In plain English, that means the outdoor unit uses the outdoor air as a sink for dumping heat from indoors when it’s cooling the house and as a source of heat to warm the house in winter. The indoor unit collects or distributes heat with water running through pipes connected to radiant panels or some kind of radiator, like the one shown in the lead photo.

Occasionally, I’ve tried to find a source (heh, heh, heh!) that could verify that as the correct usage, always unsuccessfully. Recently, I asked three of my go-to HVAC buddies (John Semmelhack, Mike MacFarland, and Kristof Irwin) about this term, and they all confirmed that my assumption is correct. MacFarland even sent me a paragraph from a book titled Troubleshooting & Servicing Heat Pump Systems by Richard Jazwin, which states, “The first word in the description identifies the physical location of the outdoor coil.”

From that, you can figure out exactly what kind of system would be called air-to-air (the most common configuration), water-to-air, water-to-water, or even a nonexistent one like water-to-wine. We know the formula, and now it’s easy to decipher any combination.

Of course, if water is the first term, we could make things even more confusing by trying to describe what kind of system uses water for the outdoor heat exchange. Is it a geothermal heat pump? A ground-source heat pump? A water-source heat pump? Geoexchange? Earth-coupled? Oh, the fun we could have!

But this is New Year’s Eve, and even in a pandemic, I’m going to save up some fun for this evening. Happy New Year, everyone!


-Allison Bailes of Atlanta, Georgia, is a speaker, writer, building science consultant, and founder of Energy Vanguard. He is also the author of the Energy Vanguard Blog. You can follow him on Twitter at @EnergyVanguard.


  1. charlie_sullivan | | #1

    Would water-source wine cellar cooling units like these count as water to wine?

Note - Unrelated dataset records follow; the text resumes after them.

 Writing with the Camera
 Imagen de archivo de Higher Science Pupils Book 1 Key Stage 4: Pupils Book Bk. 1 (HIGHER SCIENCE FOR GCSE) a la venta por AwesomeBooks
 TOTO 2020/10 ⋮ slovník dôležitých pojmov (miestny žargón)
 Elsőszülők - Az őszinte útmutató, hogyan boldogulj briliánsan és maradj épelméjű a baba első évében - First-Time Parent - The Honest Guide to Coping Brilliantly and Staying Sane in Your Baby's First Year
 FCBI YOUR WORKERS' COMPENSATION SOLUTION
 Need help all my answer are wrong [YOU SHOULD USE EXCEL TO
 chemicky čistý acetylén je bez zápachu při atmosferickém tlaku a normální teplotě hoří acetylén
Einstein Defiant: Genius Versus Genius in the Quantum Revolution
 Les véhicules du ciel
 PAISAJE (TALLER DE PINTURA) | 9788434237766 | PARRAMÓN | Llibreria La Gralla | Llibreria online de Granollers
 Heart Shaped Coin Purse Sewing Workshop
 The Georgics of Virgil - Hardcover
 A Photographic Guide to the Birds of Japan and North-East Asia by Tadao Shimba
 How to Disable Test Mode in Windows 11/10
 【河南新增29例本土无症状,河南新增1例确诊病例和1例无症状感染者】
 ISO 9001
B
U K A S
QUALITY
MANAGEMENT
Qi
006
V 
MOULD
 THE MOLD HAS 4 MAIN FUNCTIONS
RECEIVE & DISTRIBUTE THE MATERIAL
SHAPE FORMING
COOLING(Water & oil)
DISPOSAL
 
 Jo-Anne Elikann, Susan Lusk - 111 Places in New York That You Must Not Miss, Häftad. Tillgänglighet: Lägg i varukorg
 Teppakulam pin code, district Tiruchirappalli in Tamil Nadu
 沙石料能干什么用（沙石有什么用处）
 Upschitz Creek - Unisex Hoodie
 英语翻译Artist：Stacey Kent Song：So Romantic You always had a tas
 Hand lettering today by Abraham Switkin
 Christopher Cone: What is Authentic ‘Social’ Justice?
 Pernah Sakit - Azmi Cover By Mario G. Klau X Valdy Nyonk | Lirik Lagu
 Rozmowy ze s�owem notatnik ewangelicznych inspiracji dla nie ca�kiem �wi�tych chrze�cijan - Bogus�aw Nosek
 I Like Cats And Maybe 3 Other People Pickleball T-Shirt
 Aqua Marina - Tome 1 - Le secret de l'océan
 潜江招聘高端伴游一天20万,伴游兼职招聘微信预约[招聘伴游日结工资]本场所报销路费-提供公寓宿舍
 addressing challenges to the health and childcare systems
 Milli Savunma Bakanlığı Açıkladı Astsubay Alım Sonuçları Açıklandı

    Here's hoping for some kind of magical transformation in this new year--pandemic to normal life would be wonderful.

  2. UKRetro | | #2

    Until recent warmer summers due to climate change, here in the mild maritime climate of the UK we are largely non-cooling, so we chiefly have wet heating systems in our existing houses, as all we have needed has been heating. As a result when we retrofit heat pumps of any type, they are commonly '-to-water'.
    So we often talk of air-source heat pumps, generally meaning, in our context, air to water, without saying so. Similarly when we talk of water-source heat pumps here, we generally mean water-to-water, although I guess there may be water-to-air systems both here in Europe and also perhaps in cool maritime areas of north America(?).
    The other confusion to my mind is that if I understand correctly water-source heat pump systems use the same actual pump as ground source heat pump systems. This I believe is due to the fact that in a ground source system the loop in the ground is generally in fact full of water (or water-with-glycol), if I am right. So as far as the pump itself is concerned, the ground source system looks just like a water-source system. So if you want to research pumps for your (less common) water source system, you should look in fact at ground source heat pumps, if I understand correctly.
    Personally I am currently attempting to establish whether a spring flowing at approximately 30 litres (8 US gallons) per minute and at a steady 9 degrees Celsius (48 F) all year round will give us enough heat for our house if we manage to retrofit the house to consume a maximum of 5kW for heating (at a design temperature of -3 degrees or so). An open loop system may be possible, the only contamination in the spring water being particles of iron. Any thoughts welcome.